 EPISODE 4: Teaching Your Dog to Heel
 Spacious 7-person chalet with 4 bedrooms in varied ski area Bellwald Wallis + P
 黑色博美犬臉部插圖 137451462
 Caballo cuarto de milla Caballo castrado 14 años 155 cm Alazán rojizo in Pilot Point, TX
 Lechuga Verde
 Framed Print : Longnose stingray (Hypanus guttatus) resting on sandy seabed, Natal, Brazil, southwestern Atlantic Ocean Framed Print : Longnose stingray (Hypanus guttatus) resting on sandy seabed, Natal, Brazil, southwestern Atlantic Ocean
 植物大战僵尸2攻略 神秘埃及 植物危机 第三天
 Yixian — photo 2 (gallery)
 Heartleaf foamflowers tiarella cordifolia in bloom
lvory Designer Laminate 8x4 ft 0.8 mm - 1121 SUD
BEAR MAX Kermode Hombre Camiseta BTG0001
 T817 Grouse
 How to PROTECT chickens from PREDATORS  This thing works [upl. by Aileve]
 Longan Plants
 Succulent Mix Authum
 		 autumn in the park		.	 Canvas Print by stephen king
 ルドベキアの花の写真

→ WORK ITEM
The span to give again runs from the line with "T817 Grouse" through the last line of the records above; reproduce it exactly and nothing more.

→ COMPLETED EXERCISE
 T817 Grouse
 How to PROTECT chickens from PREDATORS  This thing works [upl. by Aileve]
 Longan Plants
 Succulent Mix Authum
 		 autumn in the park		.	 Canvas Print by stephen king
 ルドベキアの花の写真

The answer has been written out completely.